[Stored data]
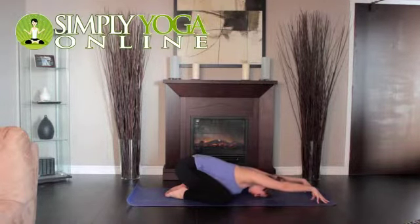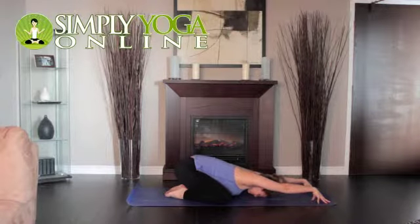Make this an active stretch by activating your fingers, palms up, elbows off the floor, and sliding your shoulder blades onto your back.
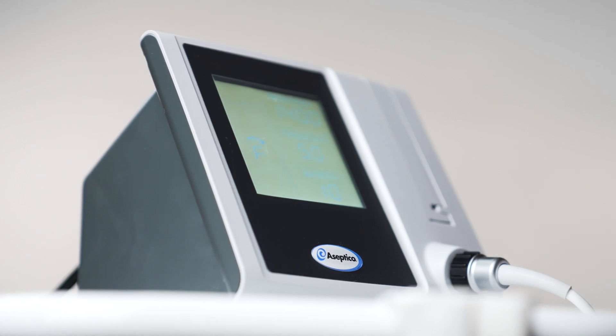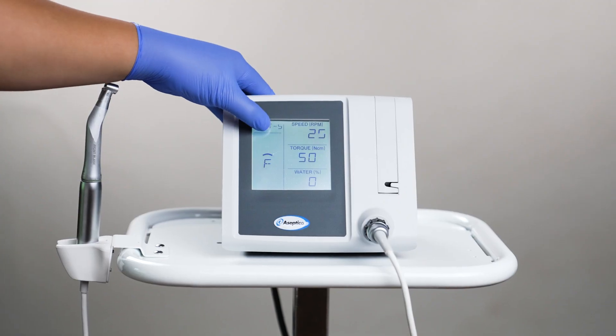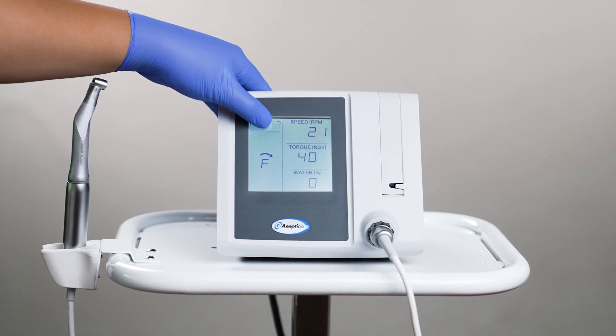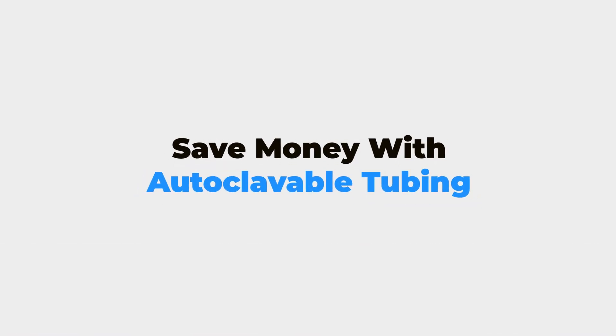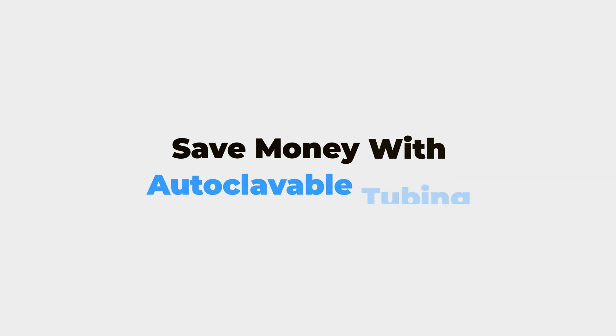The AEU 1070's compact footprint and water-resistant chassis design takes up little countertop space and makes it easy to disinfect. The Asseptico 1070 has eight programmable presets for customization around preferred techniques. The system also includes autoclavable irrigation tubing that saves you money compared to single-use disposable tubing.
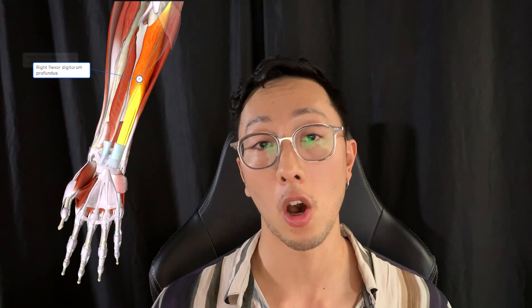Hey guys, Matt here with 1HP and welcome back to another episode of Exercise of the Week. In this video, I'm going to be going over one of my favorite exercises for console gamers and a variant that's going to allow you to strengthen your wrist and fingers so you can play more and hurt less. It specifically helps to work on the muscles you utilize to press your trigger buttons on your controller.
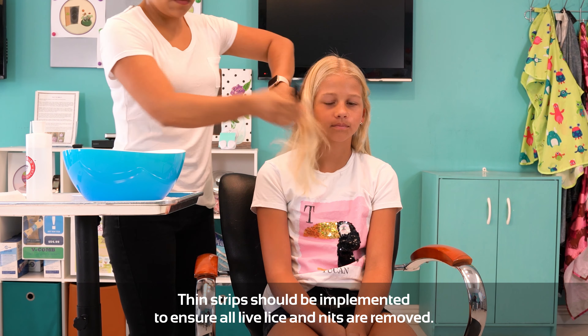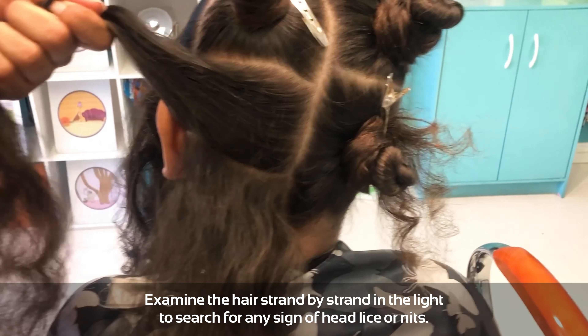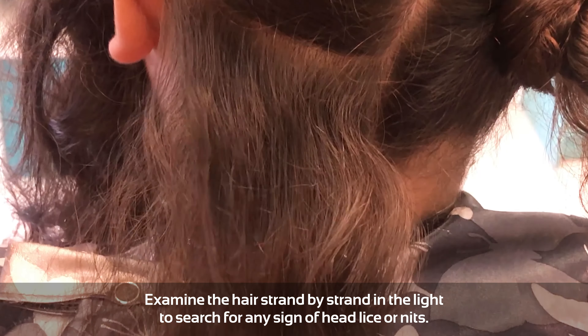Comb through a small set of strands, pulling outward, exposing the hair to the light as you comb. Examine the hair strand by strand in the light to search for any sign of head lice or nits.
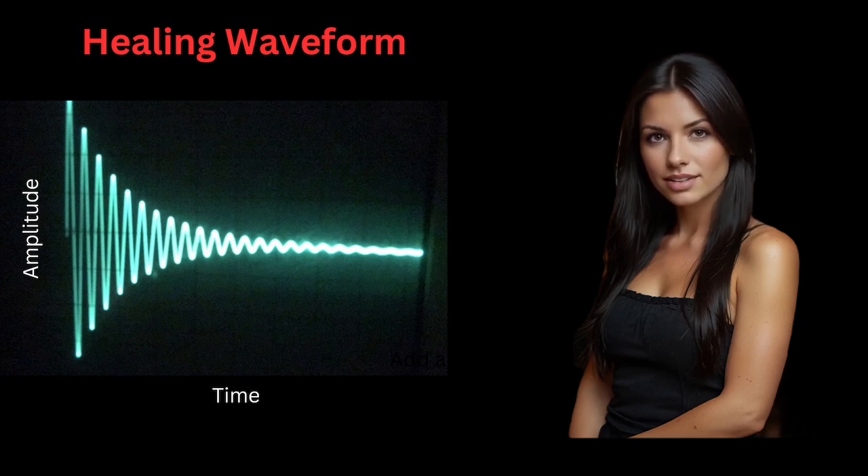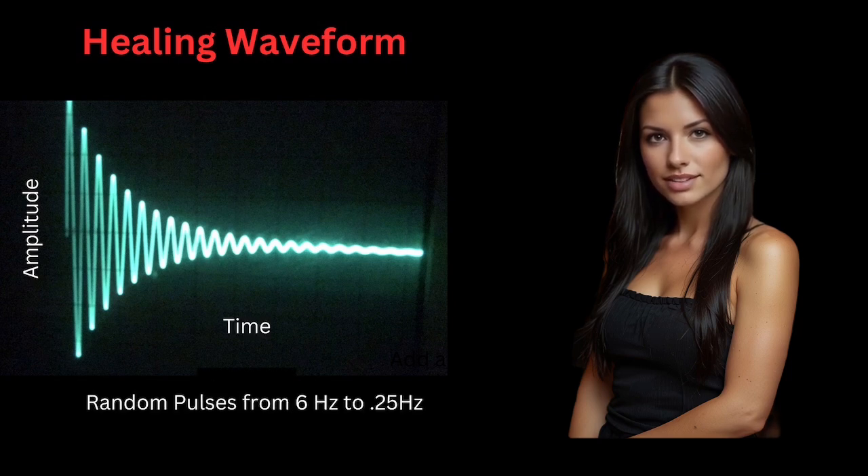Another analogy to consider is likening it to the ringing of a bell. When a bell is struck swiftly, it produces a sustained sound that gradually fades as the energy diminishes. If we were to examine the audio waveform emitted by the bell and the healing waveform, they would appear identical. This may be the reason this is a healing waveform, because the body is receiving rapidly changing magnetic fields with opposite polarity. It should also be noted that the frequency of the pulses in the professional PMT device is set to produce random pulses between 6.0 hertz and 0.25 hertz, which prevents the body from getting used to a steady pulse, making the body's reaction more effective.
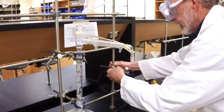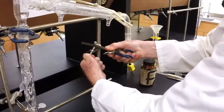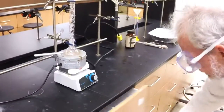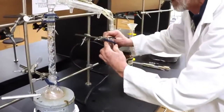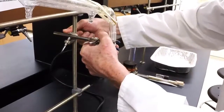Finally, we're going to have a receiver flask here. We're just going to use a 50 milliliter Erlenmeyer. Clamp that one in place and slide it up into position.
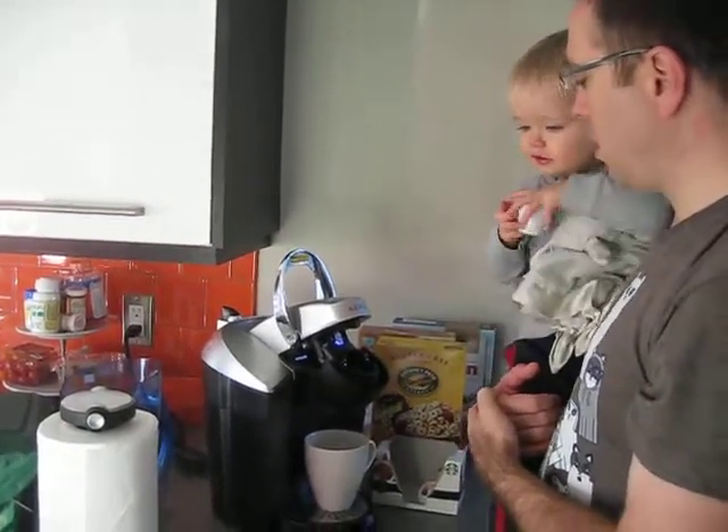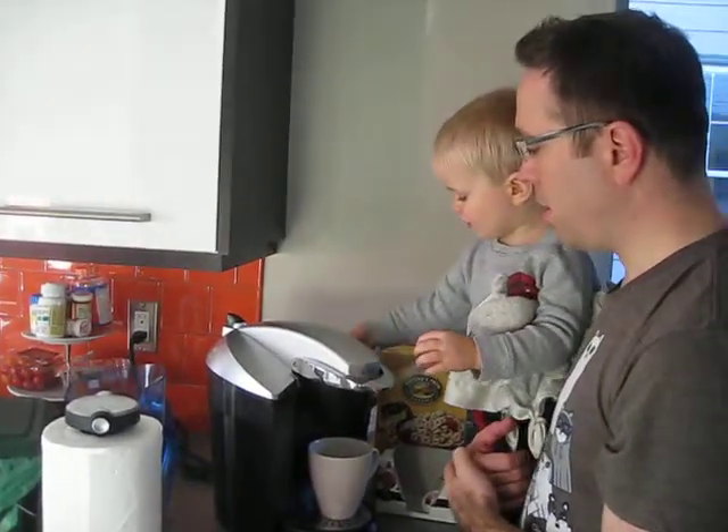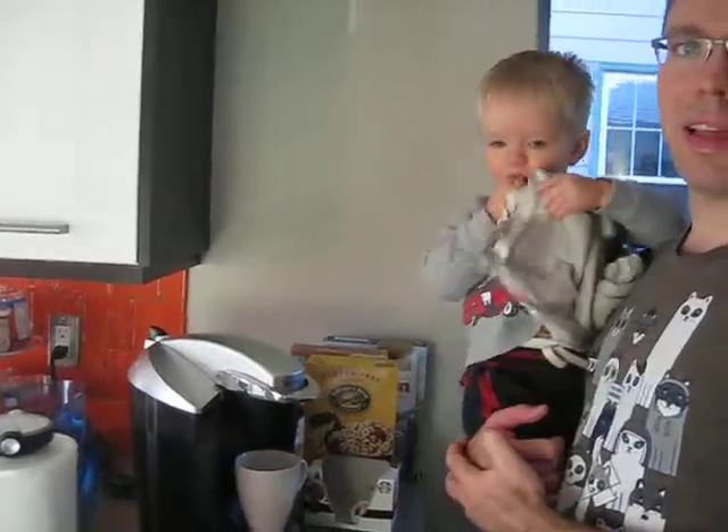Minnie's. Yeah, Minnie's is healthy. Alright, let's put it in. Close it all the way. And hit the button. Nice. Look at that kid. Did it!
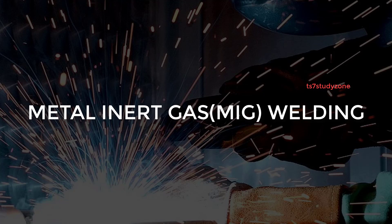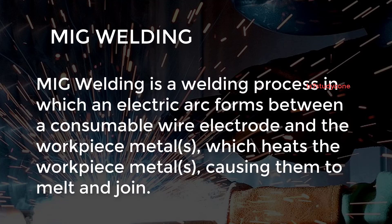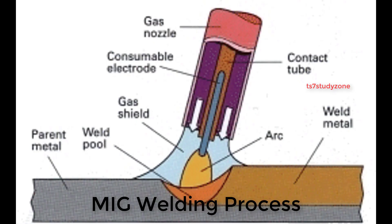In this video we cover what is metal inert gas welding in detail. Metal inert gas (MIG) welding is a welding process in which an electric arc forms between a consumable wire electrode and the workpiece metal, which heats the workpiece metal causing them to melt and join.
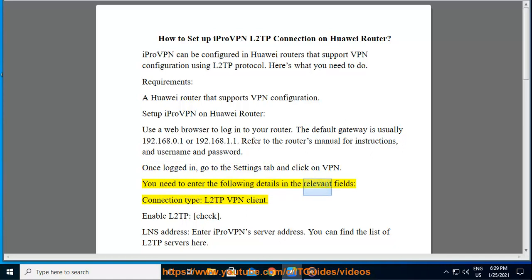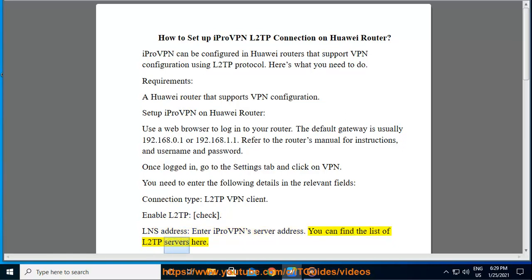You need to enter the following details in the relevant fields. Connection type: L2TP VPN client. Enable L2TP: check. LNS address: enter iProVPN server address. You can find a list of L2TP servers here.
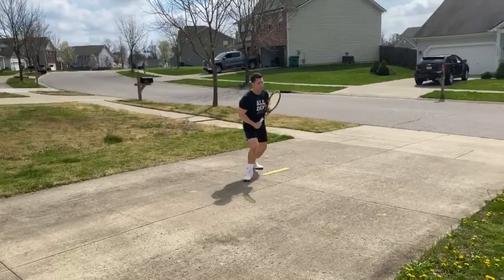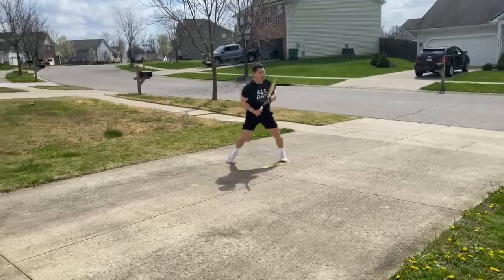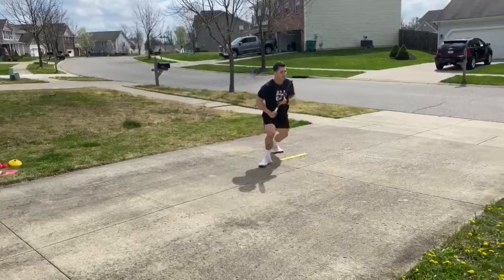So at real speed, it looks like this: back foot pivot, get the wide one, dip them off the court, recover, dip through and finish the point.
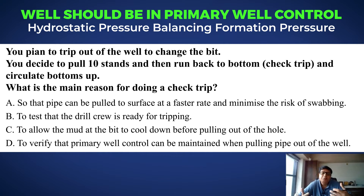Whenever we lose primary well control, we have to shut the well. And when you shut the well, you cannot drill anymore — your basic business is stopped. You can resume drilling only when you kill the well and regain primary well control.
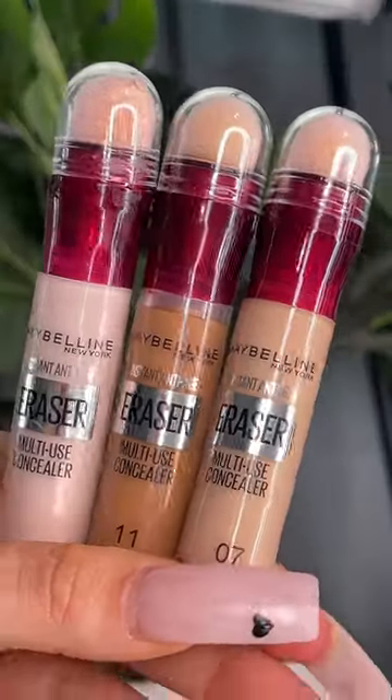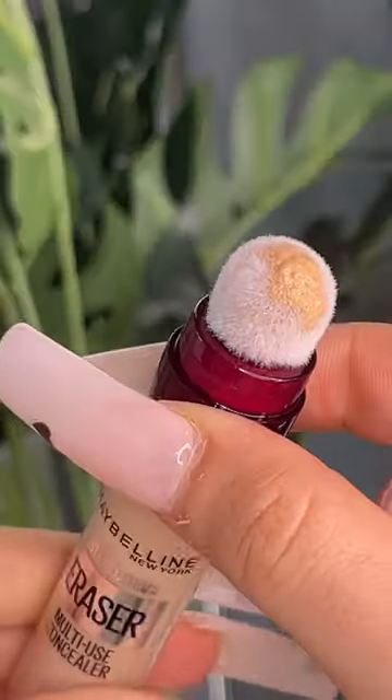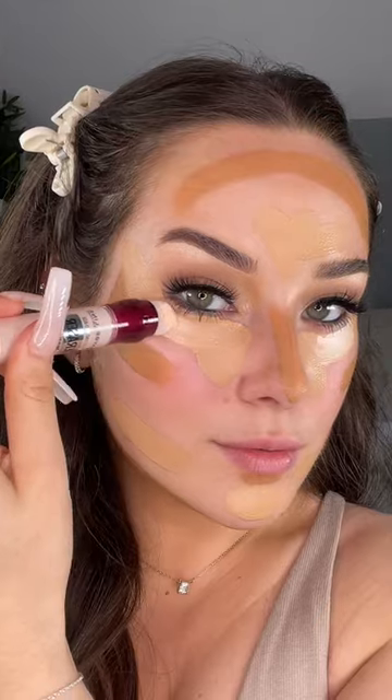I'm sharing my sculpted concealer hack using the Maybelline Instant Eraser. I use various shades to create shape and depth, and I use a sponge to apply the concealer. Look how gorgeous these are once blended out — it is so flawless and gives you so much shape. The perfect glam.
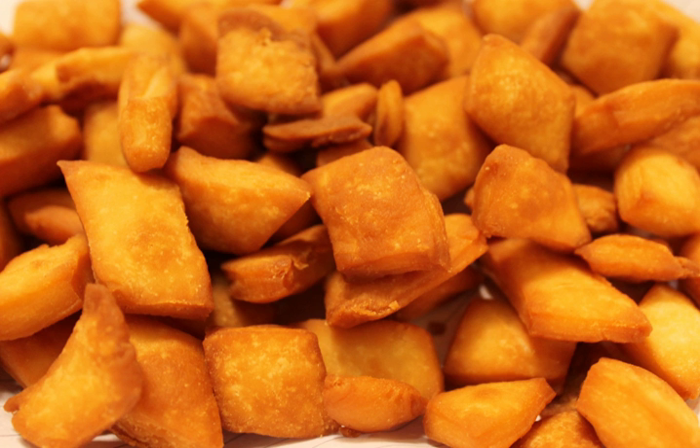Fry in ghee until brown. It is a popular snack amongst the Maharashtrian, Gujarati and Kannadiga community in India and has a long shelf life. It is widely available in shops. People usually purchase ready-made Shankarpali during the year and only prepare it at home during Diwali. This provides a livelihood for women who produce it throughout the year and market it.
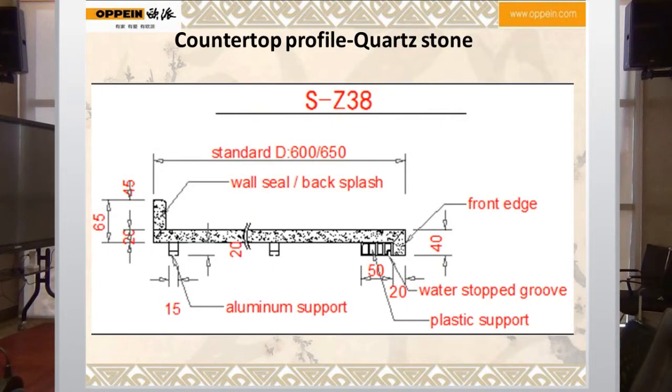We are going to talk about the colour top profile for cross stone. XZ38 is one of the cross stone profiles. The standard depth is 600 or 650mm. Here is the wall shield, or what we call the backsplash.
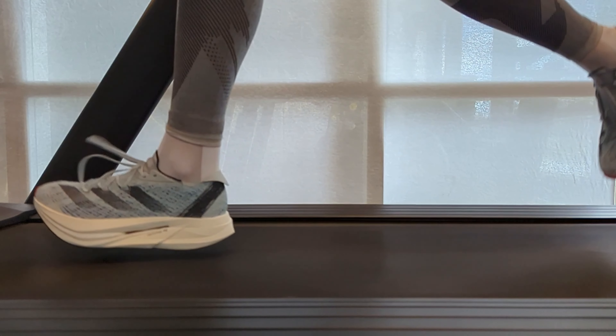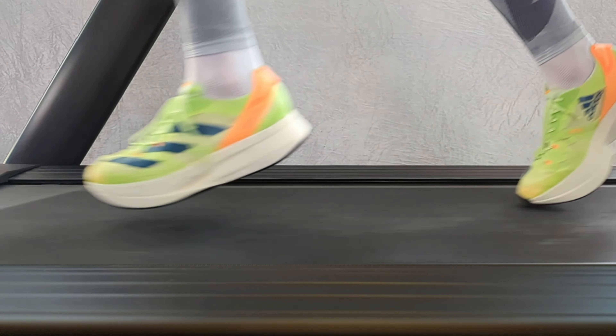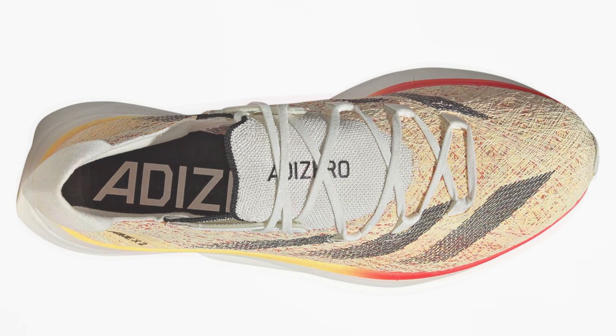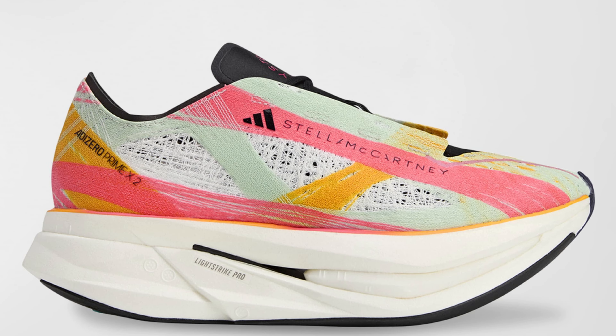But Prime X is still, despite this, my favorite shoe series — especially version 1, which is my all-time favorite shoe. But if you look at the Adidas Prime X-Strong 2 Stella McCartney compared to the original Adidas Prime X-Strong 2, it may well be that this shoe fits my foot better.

--- Assignment ---
Every record above should be written out again exactly; the pictures stay out of the copy.

--- Task result ---
Make this an active stretch by activating your fingers, palms up, elbows off the floor, and sliding your shoulder blades onto your back.
The AEU 1070's compact footprint and water-resistant chassis design takes up little countertop space and makes it easy to disinfect. The Asseptico 1070 has eight programmable presets for customization around preferred techniques. The system also includes autoclavable irrigation tubing that saves you money compared to single-use disposable tubing.
Hey guys, Matt here with 1HP and welcome back to another episode of Exercise of the Week. In this video, I'm going to be going over one of my favorite exercises for console gamers and a variant that's going to allow you to strengthen your wrist and fingers so you can play more and hurt less. It specifically helps to work on the muscles you utilize to press your trigger buttons on your controller.
Comb through a small set of strands, pulling outward, exposing the hair to the light as you comb. Examine the hair strand by strand in the light to search for any sign of head lice or nits.
Another analogy to consider is likening it to the ringing of a bell. When a bell is struck swiftly, it produces a sustained sound that gradually fades as the energy diminishes. If we were to examine the audio waveform emitted by the bell and the healing waveform, they would appear identical. This may be the reason this is a healing waveform, because the body is receiving rapidly changing magnetic fields with opposite polarity. It should also be noted that the frequency of the pulses in the professional PMT device is set to produce random pulses between 6.0 hertz and 0.25 hertz, which prevents the body from getting used to a steady pulse, making the body's reaction more effective.
Finally, we're going to have a receiver flask here. We're just going to use a 50 milliliter Erlenmeyer. Clamp that one in place and slide it up into position.
Minnie's. Yeah, Minnie's is healthy. Alright, let's put it in. Close it all the way. And hit the button. Nice. Look at that kid. Did it!
In this video we cover what is metal inert gas welding in detail. Metal inert gas (MIG) welding is a welding process in which an electric arc forms between a consumable wire electrode and the workpiece metal, which heats the workpiece metal causing them to melt and join.
You need to enter the following details in the relevant fields. Connection type: L2TP VPN client. Enable L2TP: check. LNS address: enter iProVPN server address. You can find a list of L2TP servers here.
So at real speed, it looks like this: back foot pivot, get the wide one, dip them off the court, recover, dip through and finish the point.
Whenever we lose primary well control, we have to shut the well. And when you shut the well, you cannot drill anymore — your basic business is stopped. You can resume drilling only when you kill the well and regain primary well control.
I'm sharing my sculpted concealer hack using the Maybelline Instant Eraser. I use various shades to create shape and depth, and I use a sponge to apply the concealer. Look how gorgeous these are once blended out — it is so flawless and gives you so much shape. The perfect glam.
Fry in ghee until brown. It is a popular snack amongst the Maharashtrian, Gujarati and Kannadiga community in India and has a long shelf life. It is widely available in shops. People usually purchase ready-made Shankarpali during the year and only prepare it at home during Diwali. This provides a livelihood for women who produce it throughout the year and market it.
We are going to talk about the colour top profile for cross stone. XZ38 is one of the cross stone profiles. The standard depth is 600 or 650mm. Here is the wall shield, or what we call the backsplash.
But Prime X is still, despite this, my favorite shoe series — especially version 1, which is my all-time favorite shoe. But if you look at the Adidas Prime X-Strong 2 Stella McCartney compared to the original Adidas Prime X-Strong 2, it may well be that this shoe fits my foot better.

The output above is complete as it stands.